Short stories: 30 days of terror — What’s scarier, a pride of lions or two spoiled children?

If you haven’t read Ray Bradbury’s “The Veldt” then be warned, as this review will be full of spoilers.

Ray Bradbury, known for “Fahrenheit 451”, crafts a tale centered around a husband, wife and their two kids.

Set in a futuristic home full of fantastical gadgets, one room stands out. The nursery, costing half of what the house is worth, is a high-tech wonderland that projects the inhabitant’s thoughts and feelings on the surrounding walls.

The reader soon learns that the parents are upset with the amount of time the kids — Wendy and Peter — are spending in the nursery.

When the Hadleys make their first trek into the nursey while the children are away, they find something unsettling.

The normally placid walls have transformed into dry yellow grasslands. The ceiling reflects a large yellow sun beating down on them from above.

Without warning, a pack of lions charges at them from the grasses and both mother and father leap back out through the nursery door.

When confronted, the children seem unware of any lions or grasslands. It soon becomes clear that not all is what it seems.

The story climaxes as the Hadleys shut off the house, including the nursey, under the direction of a psychologist.

The children break into hysterics, pleading with their father to let them have just one more minute in the nursery.

When the parents go in to shut off the nursery they are surprised to find it empty, save for hungry looking lions.

The door shuts and locks behind them, leaving all too real predators on both sides of the nursery door.

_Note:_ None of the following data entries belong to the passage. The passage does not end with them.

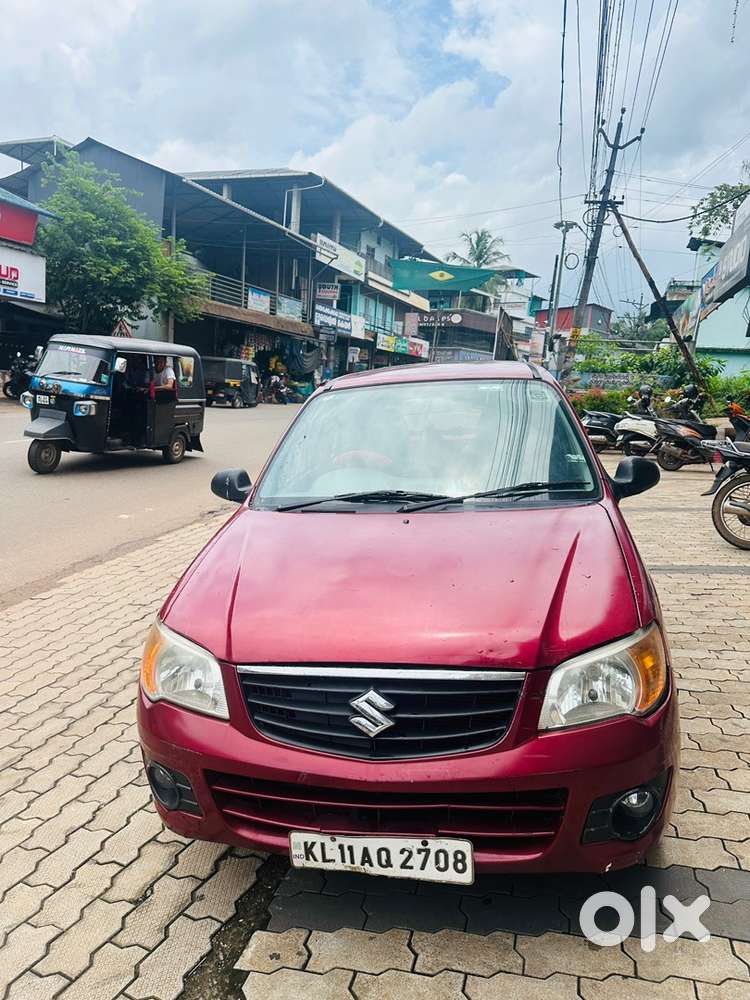 Maruti Suzuki Alto 2013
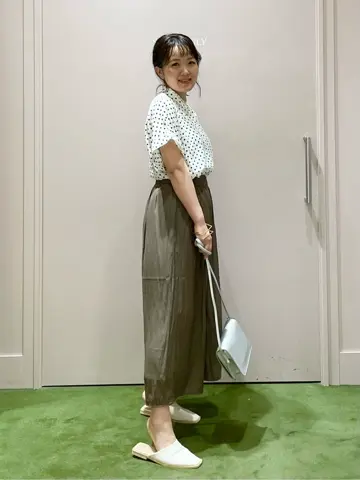 組曲 フジコ コーディネート画像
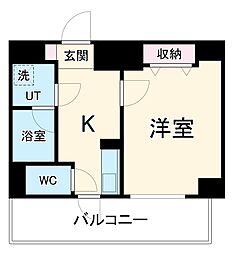 ヴァンスタージュ姫里 7階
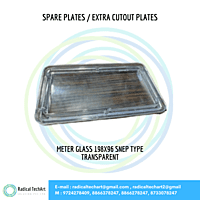 Spare plates/extra cutout plates
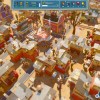 A Bustling Town Built on Shaky Ground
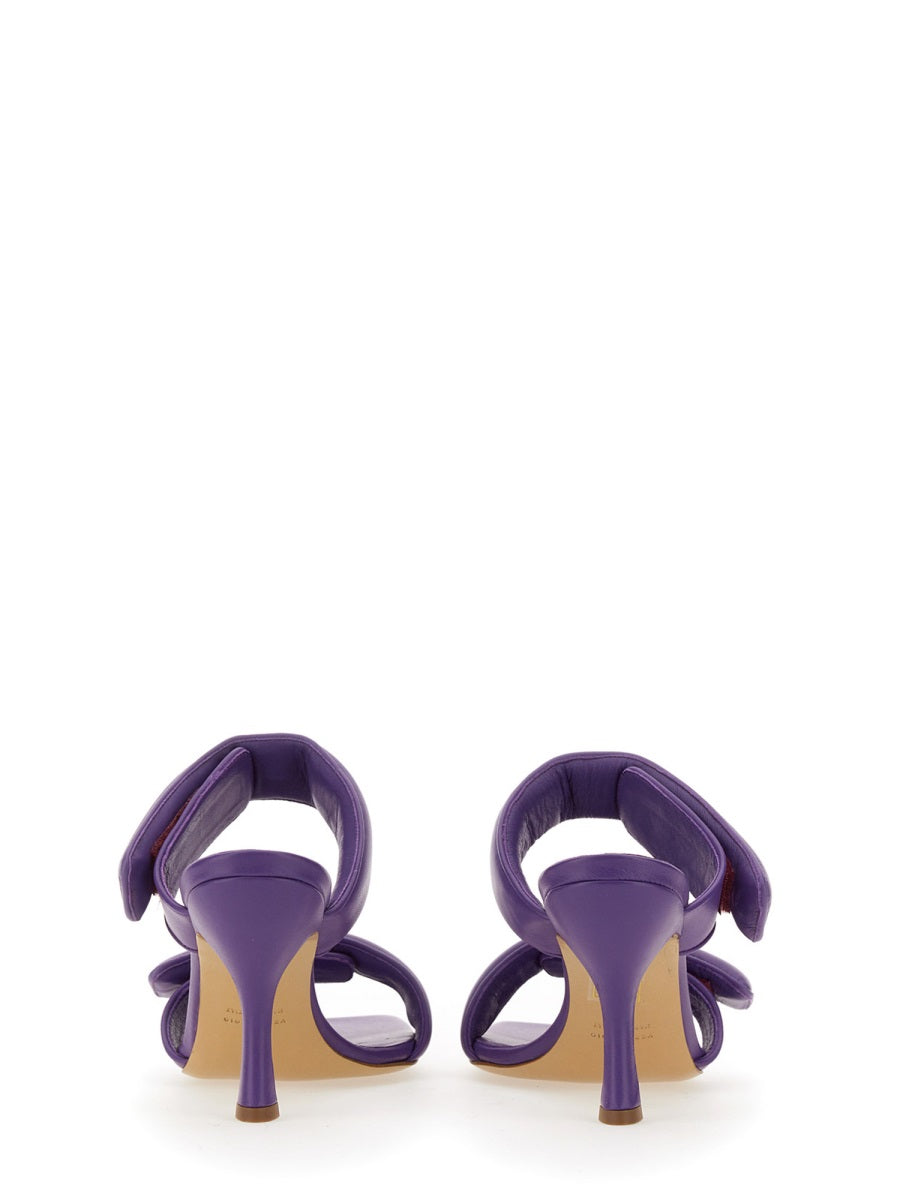 Gia Borghini Perni Sandal 03 Gia X Pernille Teisbaek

Right off the bat the reader is assaulted with detail. Bradbury is a master at crafting a scene with such intricate detail yet not overboard on adjectives.

All of this transforms the world around the reader much like the walls of the nursery transform in their world.

“The Veldt” is more than just a grisly story about sociopathic children. It is social commentary on the increasing dependency on technology.

Bradbury seemed to look into the not-so-distant future and see where technological dependency was headed.

Many times, the house and nursery are described as the new parents of the children. They provide their food, comfort and entertainment.

The parents are seen by the children as forces which prevent the fullest enjoyment of the house. They take away the toys, games and, above all else, the nursery.

Throughout the story it seems as if Bradbury writes the children as rather two-dimensional characters.

This, I believe, is intentional. It is incredibly hard to create realistic characters that engage in patricide, especially ones so young.

Instead, the children serve as embodiments of greed and gluttony.

In the end, the Hadleys live out their final confrontation between the lions and their own children.

It is never explained whether the children tinkered with the inner machinations of the room to create real lions, or if they simply poured enough unfettered hatred into the nursery that their emotions were personified as the African hunters.

What the reader must ultimately take from this story is that dependency without restraint can transform people, even innocent children, into the most debased versions of themselves.